Anche per Alessandro Rosina, professore ordinario di Demografia e Statistica sociale nella Facoltà di Economia dell'Università Cattolica di Milano, aver precisato e inserito esplicitamente la natalità nel nome di un ministero «è senz'altro il riconoscimento di un’urgenza e dice di un impegno del governo a cogliere pienamente la sfida di dare risposta agli squilibri demografici e realizzare politiche famigliari che altri paesi hanno da tempo in atto, per consentire alle persone che desiderano avere figli di non rinunciare a quella scelta, sollevandole in gran parte dai limiti attuali: il fatto che la nascita di un figlio espone maggiormente al rischio povertà, le complicazioni nella conciliazione tra vita e lavoro che pesano maggiormente in Italia rispetto ad altri paesi, i congedi di paternità che mancano ancora per realizzare davvero una condivisione dell'impegno di cura all'interno della coppia ma anche per permettere ai padri di vivere pienamente l'attaccamento con il figlio neonato, le politiche abitative per i giovani». Sono tutti punti su cui l’Italia «è da troppo tempo più debole rispetto ad altri paesi», dice Rosina, «ed è necessario un impegno a realizzare ciò che nel Family Act e nel Pnrr c’è già ma che ora va messo in campo, portando l’Italia ai livelli dei migliori standard europei. È questo che ci aspettiamo. È penoso mettersi a polemizzare sul nome di un ministero, dobbiamo invece chiedere al governo di portarci almeno a livelli dei migliori standard europei. Una volta messo lì il nome, ci sia l’impegno a farlo».

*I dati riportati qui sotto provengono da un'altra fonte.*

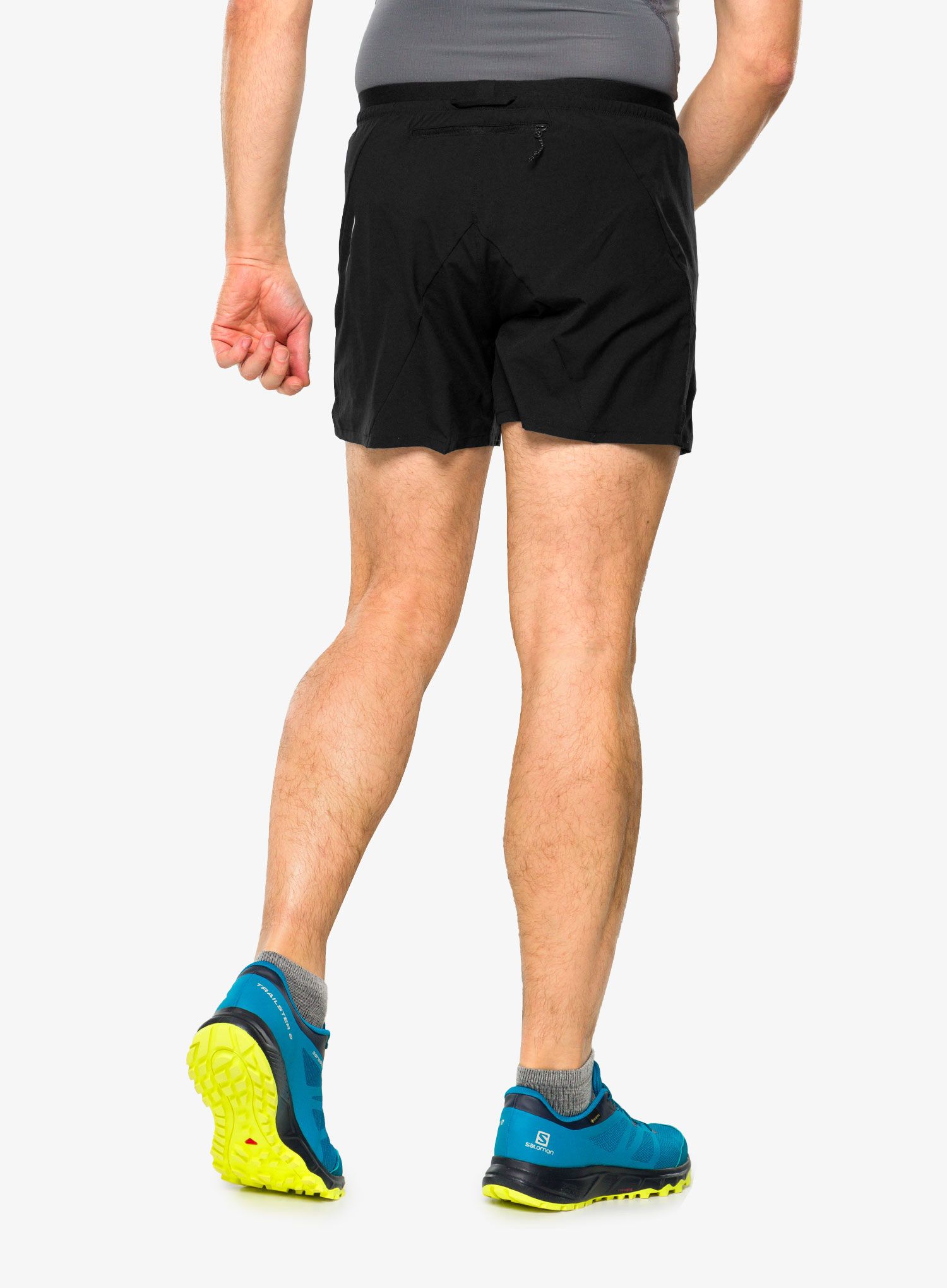 Běžecké kraťasy Salomon Cross 5 Shorts - deep black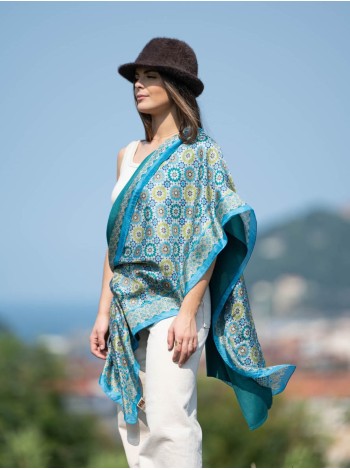 Foulard double en soie ASK276CD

C’è un segnale ben preciso da cui capiremo tutti se il ministero per la natalità è uno specchietto per le allodole o un impegno concreto: l’assegno unico e universale per i figli, ben impostato dal governo precedente ma ancora poco universale. «La prima cosa da cui si capirà la concretezza del ministero sarà se ci sarà o meno il potenziamento della parte universale dell'assegno unico. In Germania c’è un assegno di oltre 200 euro per ogni figlio, mentre da noi la componente universale si ferma a 55 euro. È vero che sale a 175 euro e oltre, ma in determinate condizioni di reddito: è più una misura di contrasto alla povertà che di politiche familiari. Si può fare subito, perché lo strumento c’è, si tratta di renderlo più efficace mettendoci più risorse economiche, questo sarebbe il primo segnale», afferma Rosina. Altre due priorità sarebbero la cartina tornasole dell’impegno del governo Meloni sul tema: «Azioni sistemiche, se no non ne usciamo. Un congedo parentale per i padri sul modello spagnolo, 6 settimane pagate al 100% per entrambi i genitori all’inizio della vita del bambino e il potenziamento graduale dei servizi per la prima infanzia. Dobbiamo portare la copertura al 33% entro questa legislatura e al 50% entro il decennio. Svezia e Francia sono già lì».